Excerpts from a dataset
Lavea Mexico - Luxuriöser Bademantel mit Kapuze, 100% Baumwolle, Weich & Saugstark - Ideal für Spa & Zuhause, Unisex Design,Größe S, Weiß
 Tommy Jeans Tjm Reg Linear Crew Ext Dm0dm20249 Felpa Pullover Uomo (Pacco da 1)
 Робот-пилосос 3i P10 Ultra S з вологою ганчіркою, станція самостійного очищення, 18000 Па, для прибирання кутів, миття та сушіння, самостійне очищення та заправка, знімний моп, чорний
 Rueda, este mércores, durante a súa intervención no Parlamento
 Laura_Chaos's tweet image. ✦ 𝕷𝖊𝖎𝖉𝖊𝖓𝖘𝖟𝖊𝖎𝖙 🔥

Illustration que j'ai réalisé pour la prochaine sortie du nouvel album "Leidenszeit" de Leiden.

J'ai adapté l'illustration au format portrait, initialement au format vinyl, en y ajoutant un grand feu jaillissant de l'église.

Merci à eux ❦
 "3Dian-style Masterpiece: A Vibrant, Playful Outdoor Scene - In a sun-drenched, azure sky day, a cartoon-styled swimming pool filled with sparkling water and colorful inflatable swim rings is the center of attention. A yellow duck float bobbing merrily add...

*What this task involves:* Give every entry once more, exactly as it reads.

*Exercise response:*
Lavea Mexico - Luxuriöser Bademantel mit Kapuze, 100% Baumwolle, Weich & Saugstark - Ideal für Spa & Zuhause, Unisex Design,Größe S, Weiß
 Tommy Jeans Tjm Reg Linear Crew Ext Dm0dm20249 Felpa Pullover Uomo (Pacco da 1)
 Робот-пилосос 3i P10 Ultra S з вологою ганчіркою, станція самостійного очищення, 18000 Па, для прибирання кутів, миття та сушіння, самостійне очищення та заправка, знімний моп, чорний
 Rueda, este mércores, durante a súa intervención no Parlamento
 Laura_Chaos's tweet image. ✦ 𝕷𝖊𝖎𝖉𝖊𝖓𝖘𝖟𝖊𝖎𝖙 🔥

Illustration que j'ai réalisé pour la prochaine sortie du nouvel album "Leidenszeit" de Leiden.

J'ai adapté l'illustration au format portrait, initialement au format vinyl, en y ajoutant un grand feu jaillissant de l'église.

Merci à eux ❦
 "3Dian-style Masterpiece: A Vibrant, Playful Outdoor Scene - In a sun-drenched, azure sky day, a cartoon-styled swimming pool filled with sparkling water and colorful inflatable swim rings is the center of attention. A yellow duck float bobbing merrily add...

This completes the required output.